• [Task goal]:
Please copy all of the data that follows exactly, leaving any pictures out.

-------- Information given --------

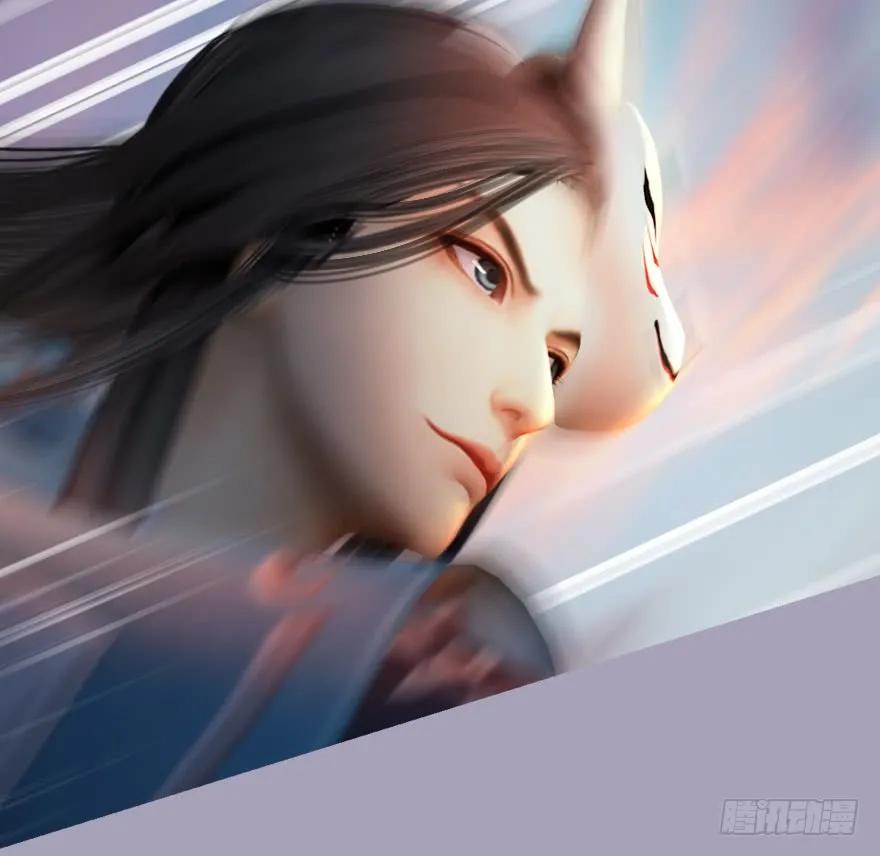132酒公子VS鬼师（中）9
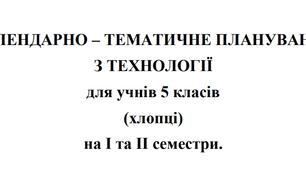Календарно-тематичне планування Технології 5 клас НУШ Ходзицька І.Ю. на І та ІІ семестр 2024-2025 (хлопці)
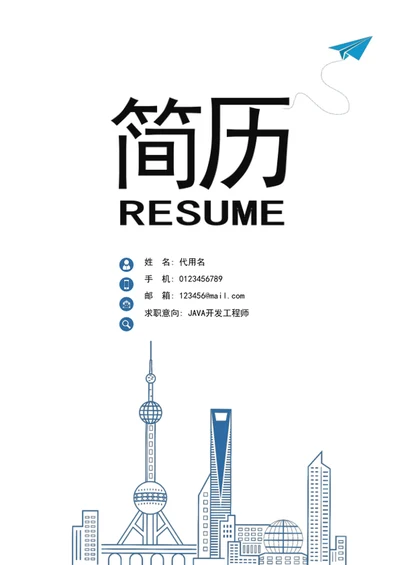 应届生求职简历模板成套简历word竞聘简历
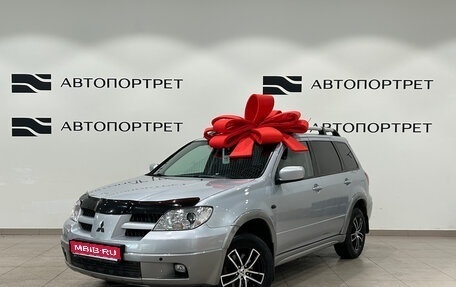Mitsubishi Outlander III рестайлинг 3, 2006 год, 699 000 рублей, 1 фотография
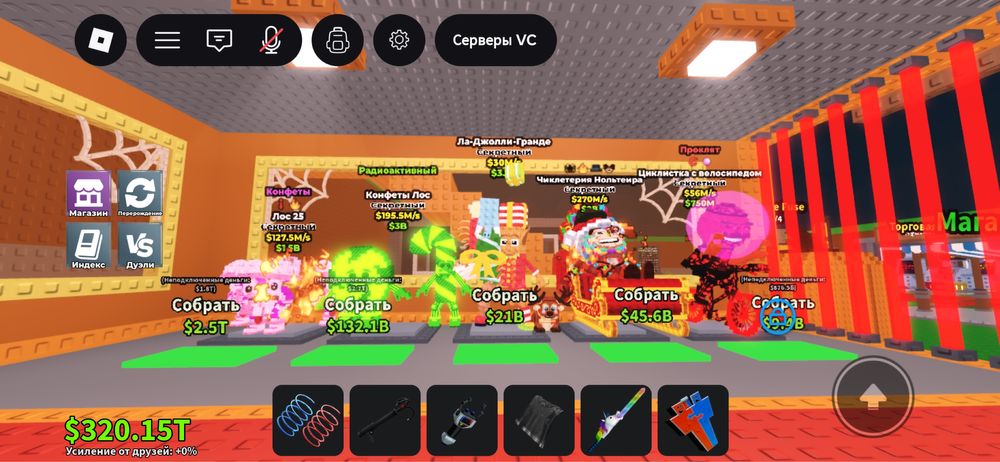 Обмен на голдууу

--------

• [Problem solution]:
132酒公子VS鬼师（中）9
Календарно-тематичне планування Технології 5 клас НУШ Ходзицька І.Ю. на І та ІІ семестр 2024-2025 (хлопці)
 应届生求职简历模板成套简历word竞聘简历
Mitsubishi Outlander III рестайлинг 3, 2006 год, 699 000 рублей, 1 фотография
 Обмен на голдууу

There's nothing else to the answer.